[[ WORKING DATA open ]]

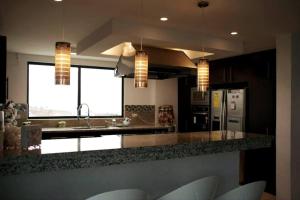 a kitchen with a counter with a sink and a refrigerator at Espectacular casa grande vacacional en Manta! in Manta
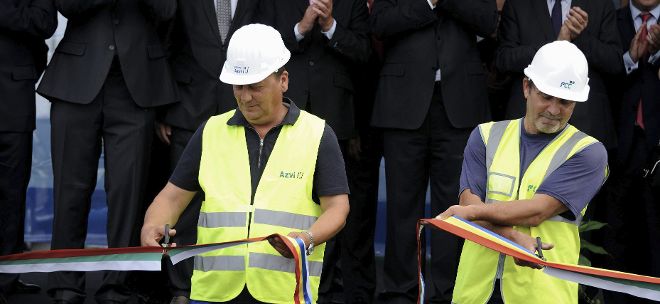Un trabajador rumano y otro búlgaro cortan una cinta durante una inauguración oficial.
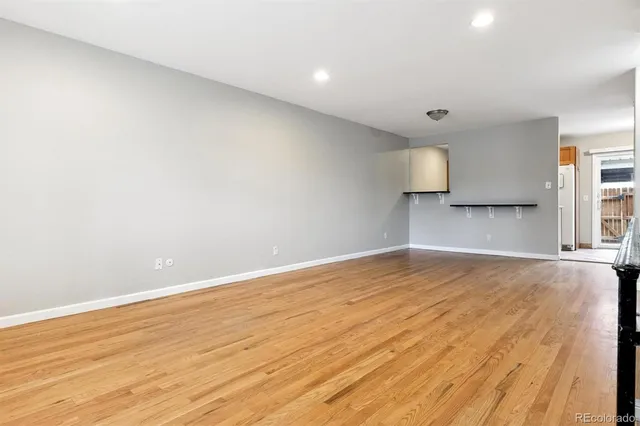a view of empty room with wooden floor and window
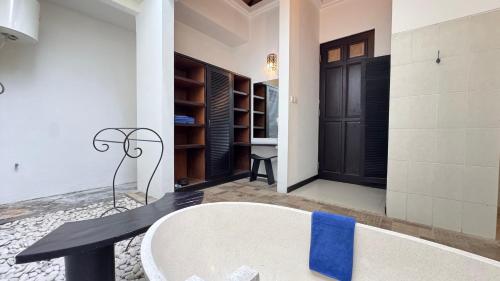 a bath tub with a blue towel on it in a bathroom at Artemis Villa Hotel in Seminyak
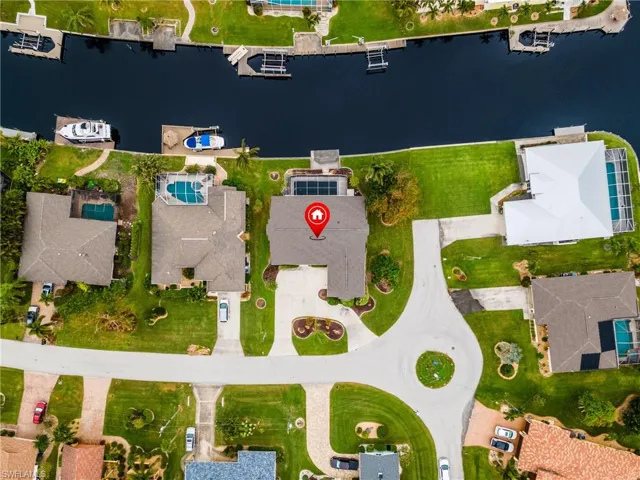 Aerial perspective of suburban area with a nearby body of water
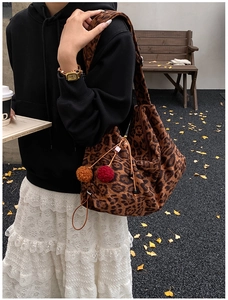 Chic leopard print tote bag with red and brown fur ball charms in autumn street scene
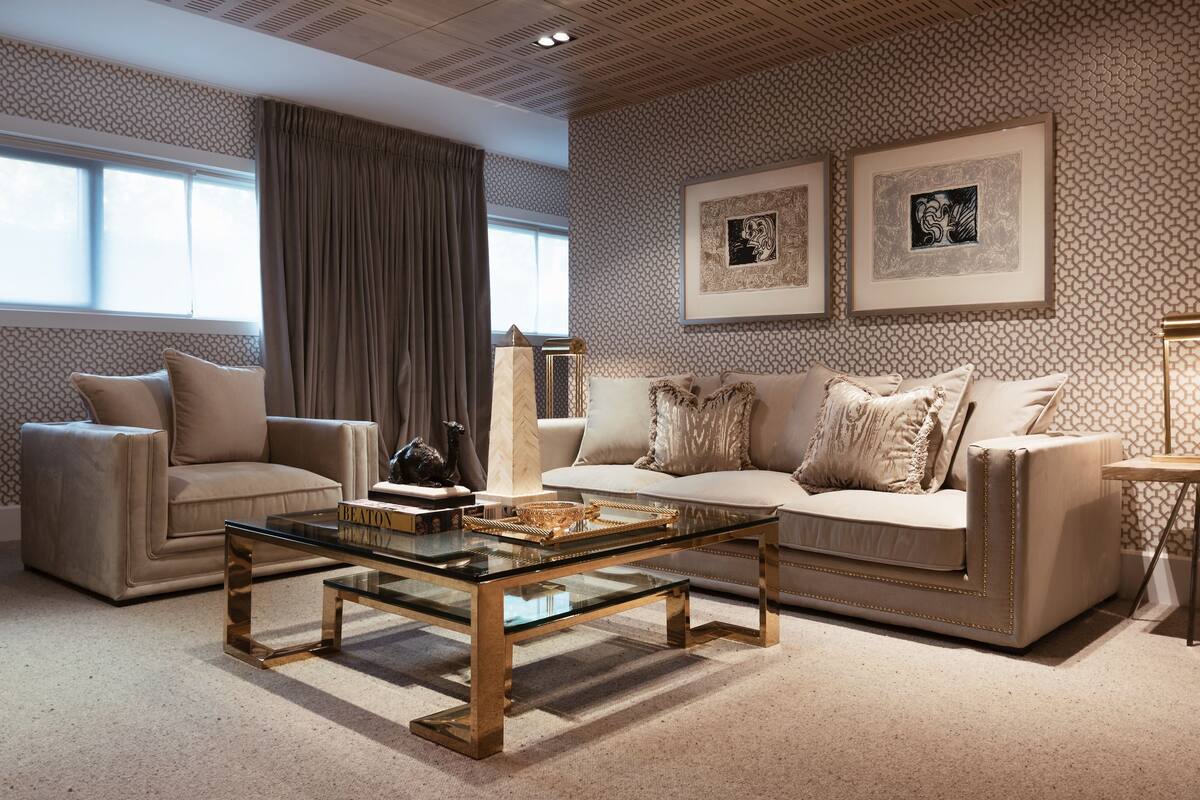 A modern living room with a beige sofa, a glass coffee table, and a patterned wall.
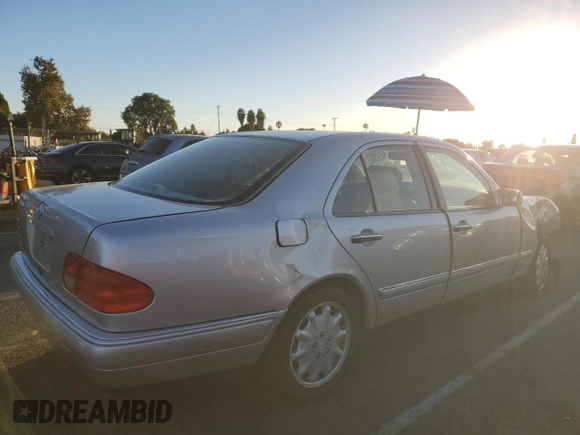 1999 Mercedes-Benz E 320 with VIN WDBJF65H8XA734585, listed as a Copart auction lot 79141194 with 196,908 mi miles and Salvage Title. Bid and sale history available at DreamBid. Image 3.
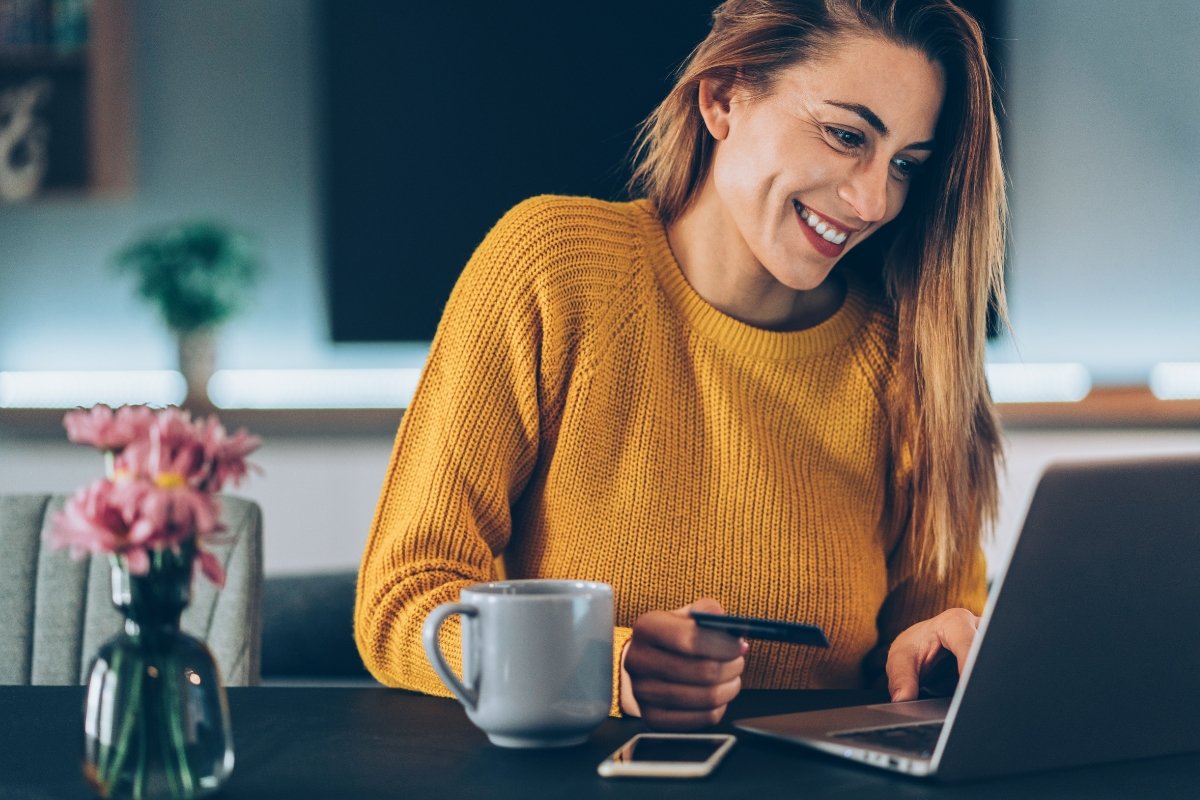 A woman multitasking with automated booking while using a laptop and sipping coffee.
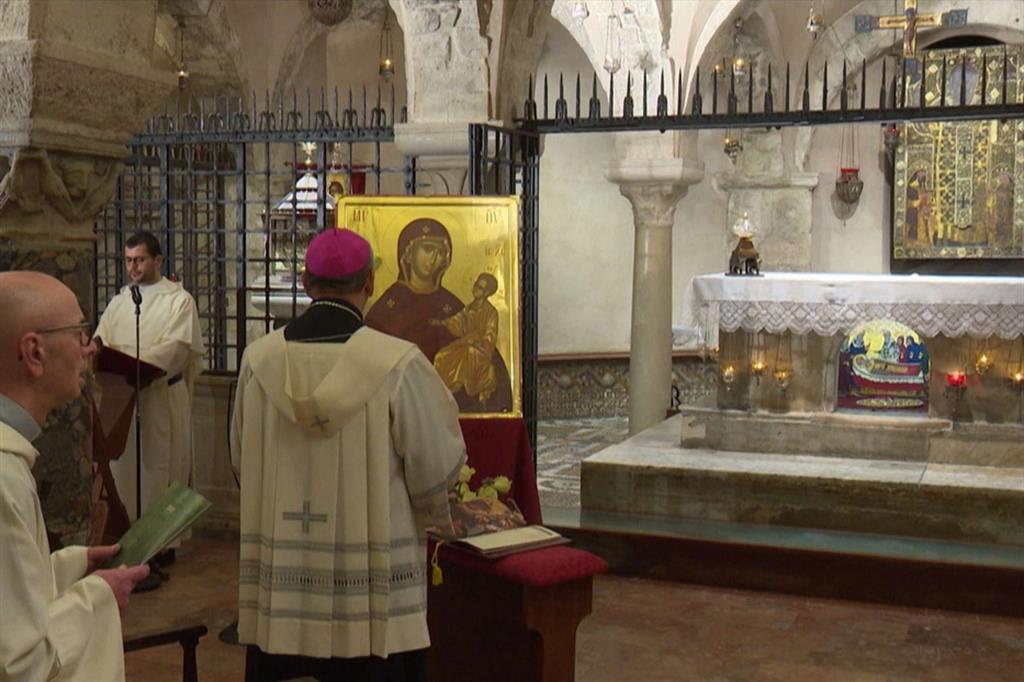 Monsignor Cacucci si inchina davanti all'icona della Madonna nella Cripta della Basilica di San Nicola a Bari durante il Rosario per l'Italia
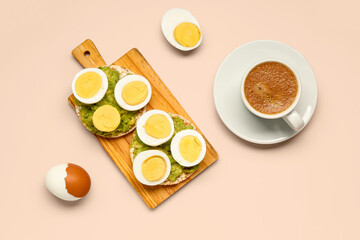 Wooden board of rice crackers with boiled eggs and avocado on pink background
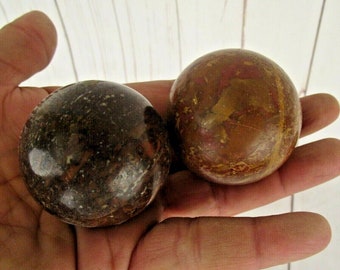 Puede incluir: Dos esferas de piedra pulidas, una con un patrón de mármol marrón y negro y la otra con un patrón de mármol rojo, marrón y dorado.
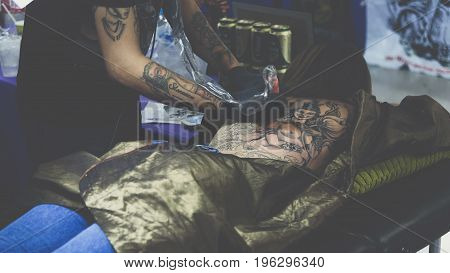 Tattoo Artist Drawing Art On Body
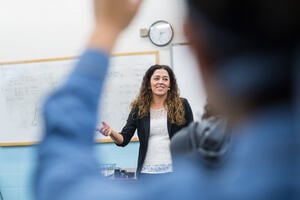 A female teacher standing at the front of a class, teaching mathematical concepts,  probability and statistics.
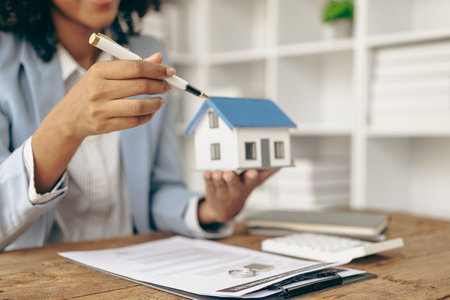 House model with real estate agent and client discussing home insurance contract Or the real estate loan history of the girl holding a small house model. Real Estate, Mortgages andの写真素材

[[ WORKING DATA closed ]]

**WHAT TO WORK ON:** Could you reproduce the entries verbatim, leaving out all pictures?

**YOUR RESPONSE:**
 a kitchen with a counter with a sink and a refrigerator at Espectacular casa grande vacacional en Manta! in Manta
Un trabajador rumano y otro búlgaro cortan una cinta durante una inauguración oficial.
a view of empty room with wooden floor and window
 a bath tub with a blue towel on it in a bathroom at Artemis Villa Hotel in Seminyak
 Aerial perspective of suburban area with a nearby body of water
 Chic leopard print tote bag with red and brown fur ball charms in autumn street scene
 A modern living room with a beige sofa, a glass coffee table, and a patterned wall.
 1999 Mercedes-Benz E 320 with VIN WDBJF65H8XA734585, listed as a Copart auction lot 79141194 with 196,908 mi miles and Salvage Title. Bid and sale history available at DreamBid. Image 3.
 A woman multitasking with automated booking while using a laptop and sipping coffee.
 Monsignor Cacucci si inchina davanti all'icona della Madonna nella Cripta della Basilica di San Nicola a Bari durante il Rosario per l'Italia
 Wooden board of rice crackers with boiled eggs and avocado on pink background
 Puede incluir: Dos esferas de piedra pulidas, una con un patrón de mármol marrón y negro y la otra con un patrón de mármol rojo, marrón y dorado.
 Tattoo Artist Drawing Art On Body
 A female teacher standing at the front of a class, teaching mathematical concepts,  probability and statistics.
 House model with real estate agent and client discussing home insurance contract Or the real estate loan history of the girl holding a small house model. Real Estate, Mortgages andの写真素材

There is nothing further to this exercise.